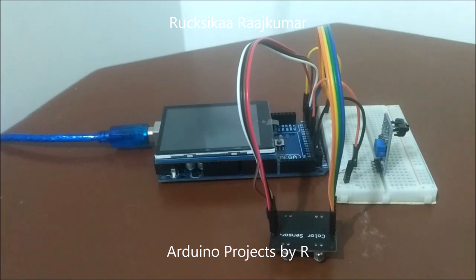To learn how I did this project, please visit my blog. The link can be found in the description box below.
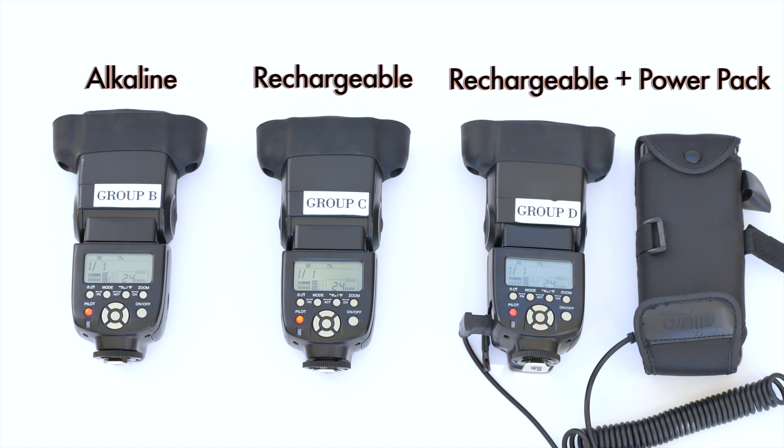The one on the far right should come back on first, the middle one should come on second, and then quite a few seconds later, the one on the far left with just the regular alkaline batteries will come on next. So let's just pop it and see what happens.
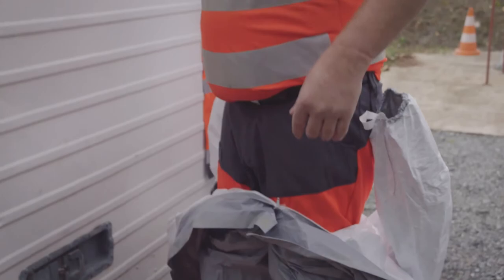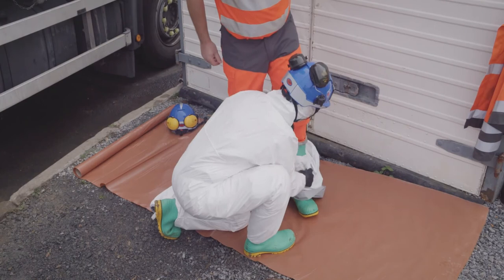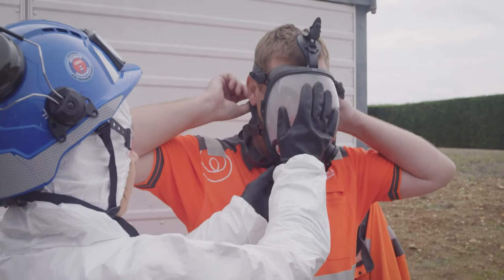The colleague takes hold of the gloves with the arms of the coverall in order to remove them. Then your colleague uses the coverall legs to hold the boots and helps you take them off. Be sure to place your feet on an uncontaminated surface. The colleague then removes the mask.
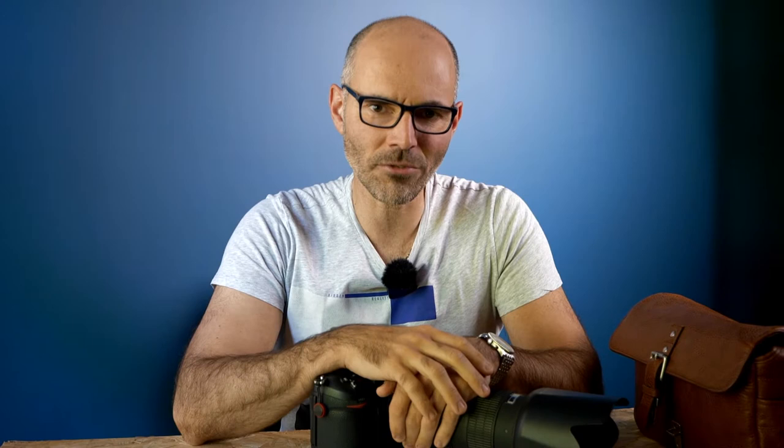Welcome back, I'm Didier Moulin from Didier Moulin Photography in France. I'm a portrait photographer mainly, corporate and portrait photographer. I want to address the subject of how I got to the L-mount system and why.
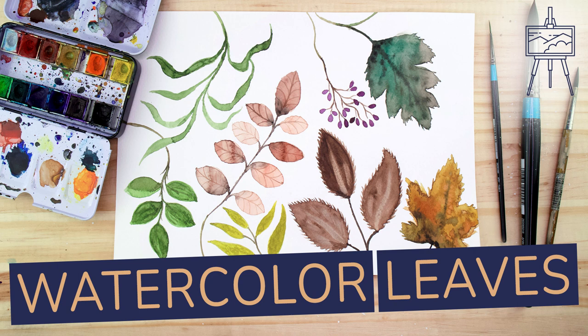Hey guys and welcome to another video by ArtinContext.org. This is a space where we cover various art related topics. My name is Matt and in today's tutorial we will be looking at how to paint different types of leaves using watercolor paints. So with that being said, let's get into it.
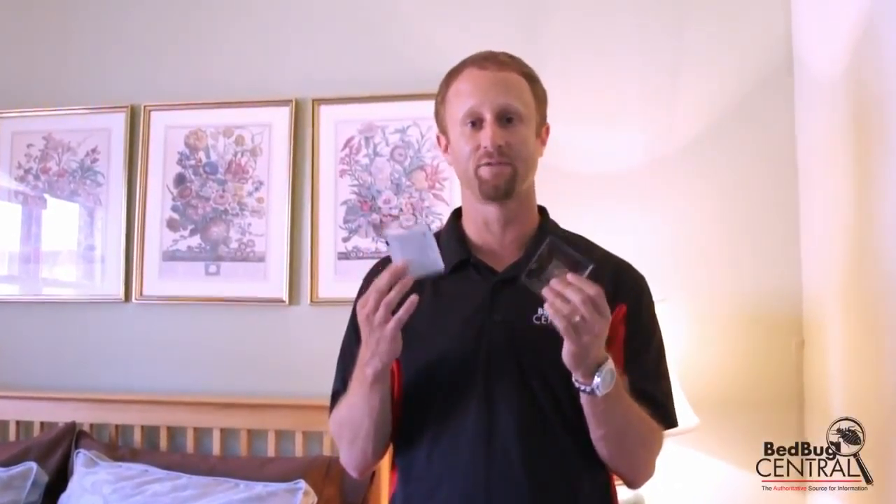Welcome, everybody, to Bed Bug TV. I'm your host, Jeff White, and in this episode I want to talk to you about using Sensei Volcano and Active to monitor for bed bugs inside of a home.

= = = = = = =

■ Task prompt
Take the listing above and retype it exactly. Its pictures are to be omitted.

■ Result for this task
To learn how I did this project, please visit my blog. The link can be found in the description box below.
The one on the far right should come back on first, the middle one should come on second, and then quite a few seconds later, the one on the far left with just the regular alkaline batteries will come on next. So let's just pop it and see what happens.
The colleague takes hold of the gloves with the arms of the coverall in order to remove them. Then your colleague uses the coverall legs to hold the boots and helps you take them off. Be sure to place your feet on an uncontaminated surface. The colleague then removes the mask.
Welcome back, I'm Didier Moulin from Didier Moulin Photography in France. I'm a portrait photographer mainly, corporate and portrait photographer. I want to address the subject of how I got to the L-mount system and why.
Hey guys and welcome to another video by ArtinContext.org. This is a space where we cover various art related topics. My name is Matt and in today's tutorial we will be looking at how to paint different types of leaves using watercolor paints. So with that being said, let's get into it.
Welcome, everybody, to Bed Bug TV. I'm your host, Jeff White, and in this episode I want to talk to you about using Sensei Volcano and Active to monitor for bed bugs inside of a home.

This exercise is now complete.